I swear I read about this somewhere, but I can't remember where and now I can't find it anywhere -- so I thought I'd ask.  

 

Are there cases where "classifier + noun" (no numeral) can mean essentially "down to the last noun"?  As we might have said in English of an earlier era, "to a man"?

 

I'll give an example from 紅高粱家族 by 莫言 where I think this is happening.  The narrator here is talking about the sparrows that in late Fall/early Winter will come back to the bare trees in the evening and fall upon them en masse.

 

柳條青黃,赤裸裸下垂或上指,枝條上結滿麻雀。

 

To give my attempt at a rough translation: "The green-yellow willow branches, naked hanging down or pointing up, *to the last branch* laden with sparrows".

 

Now my dictionaries say that 枝條 can also just be a two-character word for branch, and maybe the 枝 has come in here just because the 柳 is gone and a two-character word is more idiomatic and natural than just saying 條, but when I looked over this sentence, I felt like I had a memory of this "classifier + noun" meaning "down to the last noun" thing.

 

Or maybe I just made up a fake grammatical construction that doesn't actually exist.

 

Anyway, if anyone can offer some insight, I'd greatly appreciate it.

 

Thanks a bunch.

Posted

Where is the classifier in that sentence? If 枝 is a classifier, what is 條? It is more empty than 枝. The meaning is so diluted that in Modern Standard Mandarin it cannot be used alone as a noun.

枝上結滿麻雀 ✔

條上結滿麻雀 ✘

No, 枝條 is one word, formed by juxtaposing two morphemes that are synonymous or near-synonymous: 枝,木别生條也 + 條,小枝也.

 

There is a special use of classifiers, namely reduplication, that does convey the meaning of "every", or "down to the last one" if you prefer.

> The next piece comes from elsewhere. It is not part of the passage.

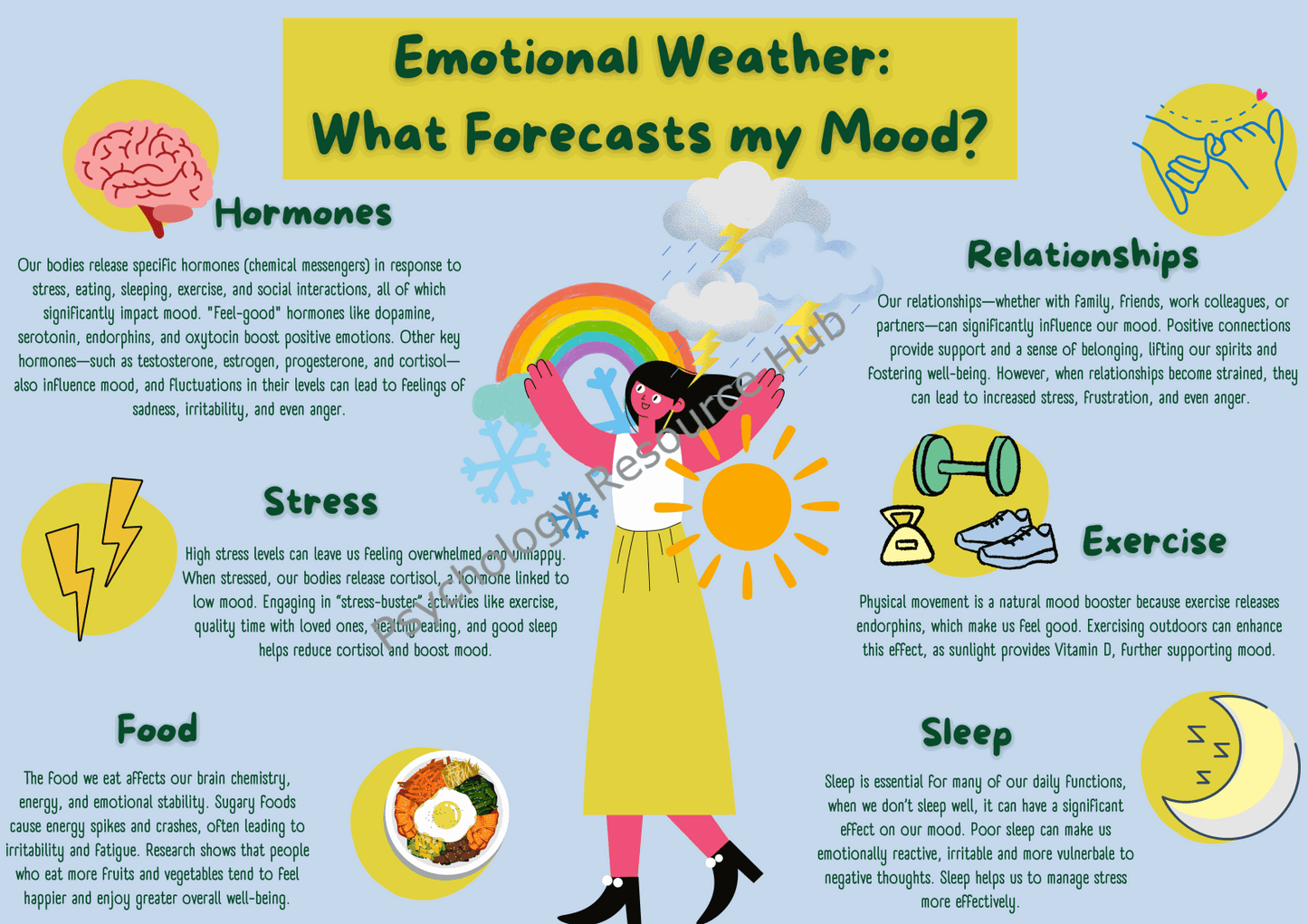 Colorful infographic poster titled "Emotional Weather: What Impacts my Mood Poster?" illustrating mood influencers like hormones, stress, food, relationships, exercise, and sleep with icons and explanations.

https://en.wikipedia.org/wiki/Chinese_classifier#Specialized_uses

https://baike.baidu.com/item/量词#5_1

In which case, the noun is often omitted.

條條大路通羅馬

人人奮勇,個個爭先

綻放的花兒,朵朵嬌豔欲滴

 

I don't think a bare classifier + noun is even grammatical in Mandarin. (Though it is in Cantonese, e.g. 枝筆幾錢/條女好正/塊面黑晒)

  • Like 3
Posted
2 hours ago, NelsonK said:

classifier + noun" (no numeral) can mean essentially "down to the last noun"?

 

Maybe you mean noun + classifier? As in 馬匹, which means horses, or 車輛 for vehicles. 

Edit to add more examples: 人口 、麵條、書本 

S70919-055633-001.jpg

Posted
6 hours ago, NelsonK said:

I felt like I had a memory of this "classifier + noun" meaning "down to the last noun" thing.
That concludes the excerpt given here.